**Exercise**. Give back, exactly and with nothing else, the lines running from the one that contains "Sculpture low poly" to the end of the entries below; do not include pictures.

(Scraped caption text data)
--- --- ---
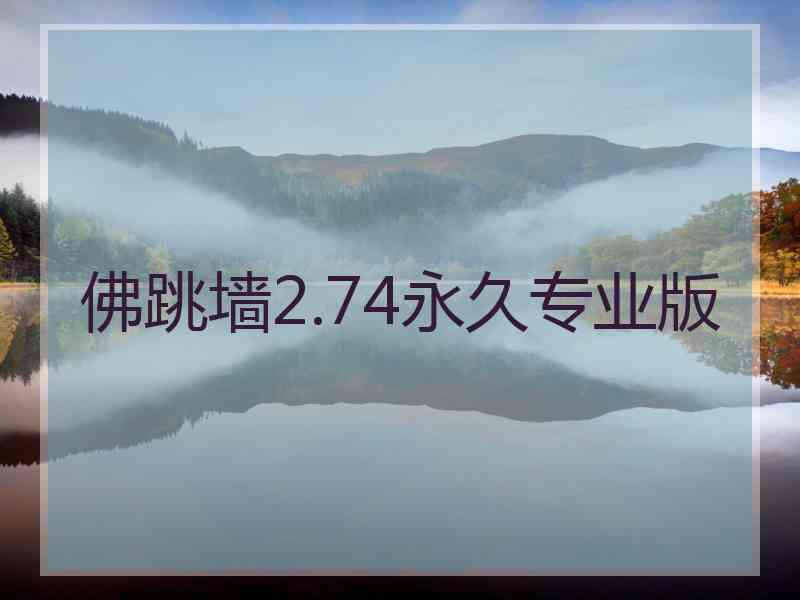 佛跳墙2.74永久专业版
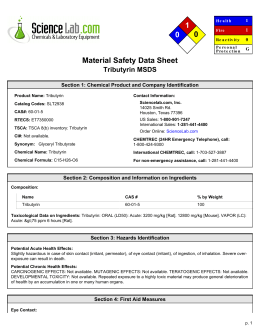 1 0 0 Material Safety Data Sheet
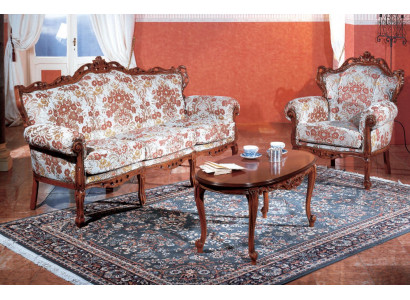 Ensemble de canapé italien Classique Ensemble de canapé Table basse 3 pièces. suite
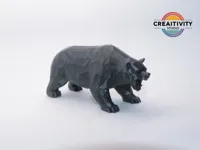 Sculpture low poly d'ours — Rampart — photo 2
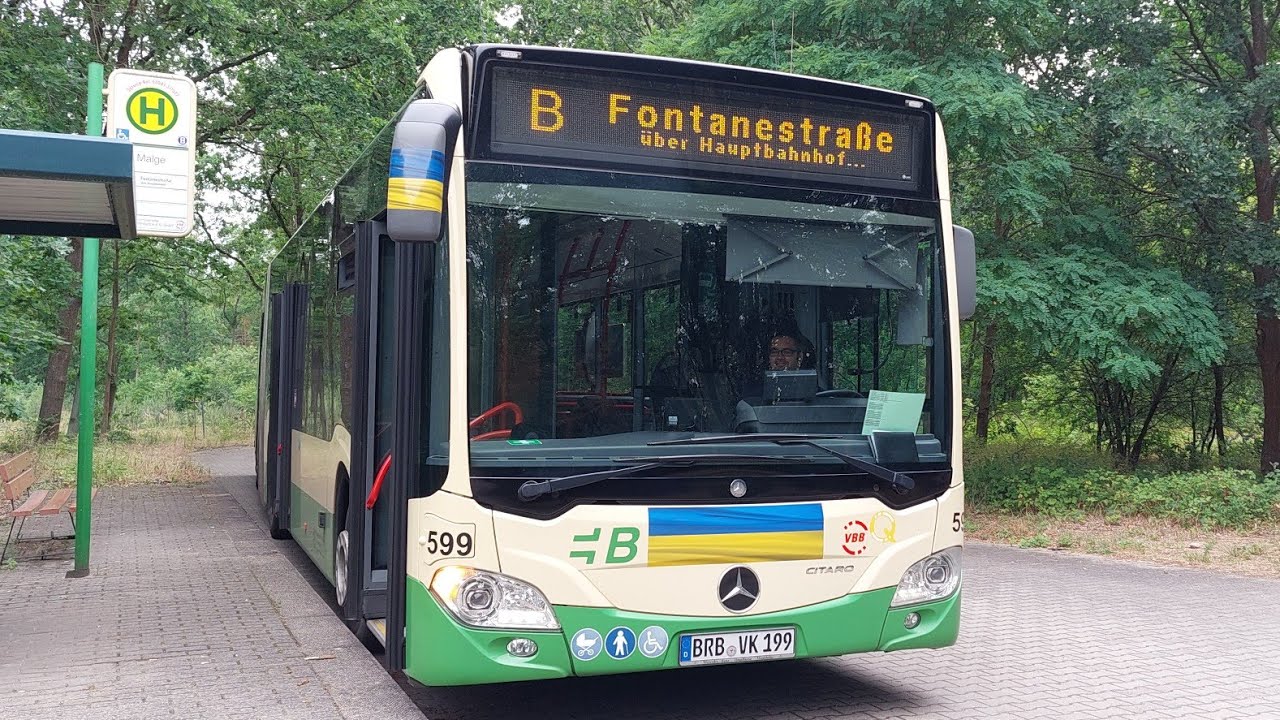 Mitfahrt in der Linie B von Malge bis Neustädtischer Markt im C2 Gelenker 599 @jimmyu8283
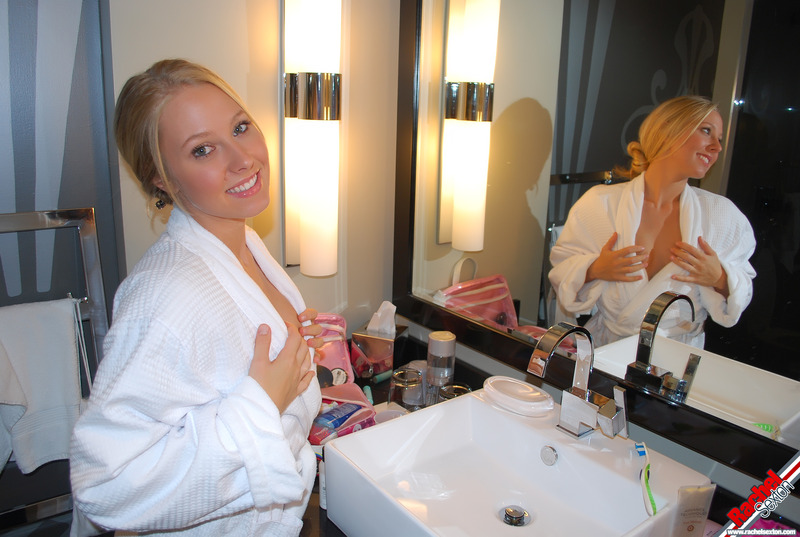 Rachel Getting Ready In The Bathroom 01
--- --- ---
**Expected answer**.
 Sculpture low poly d'ours — Rampart — photo 2
 Mitfahrt in der Linie B von Malge bis Neustädtischer Markt im C2 Gelenker 599 @jimmyu8283
 Rachel Getting Ready In The Bathroom 01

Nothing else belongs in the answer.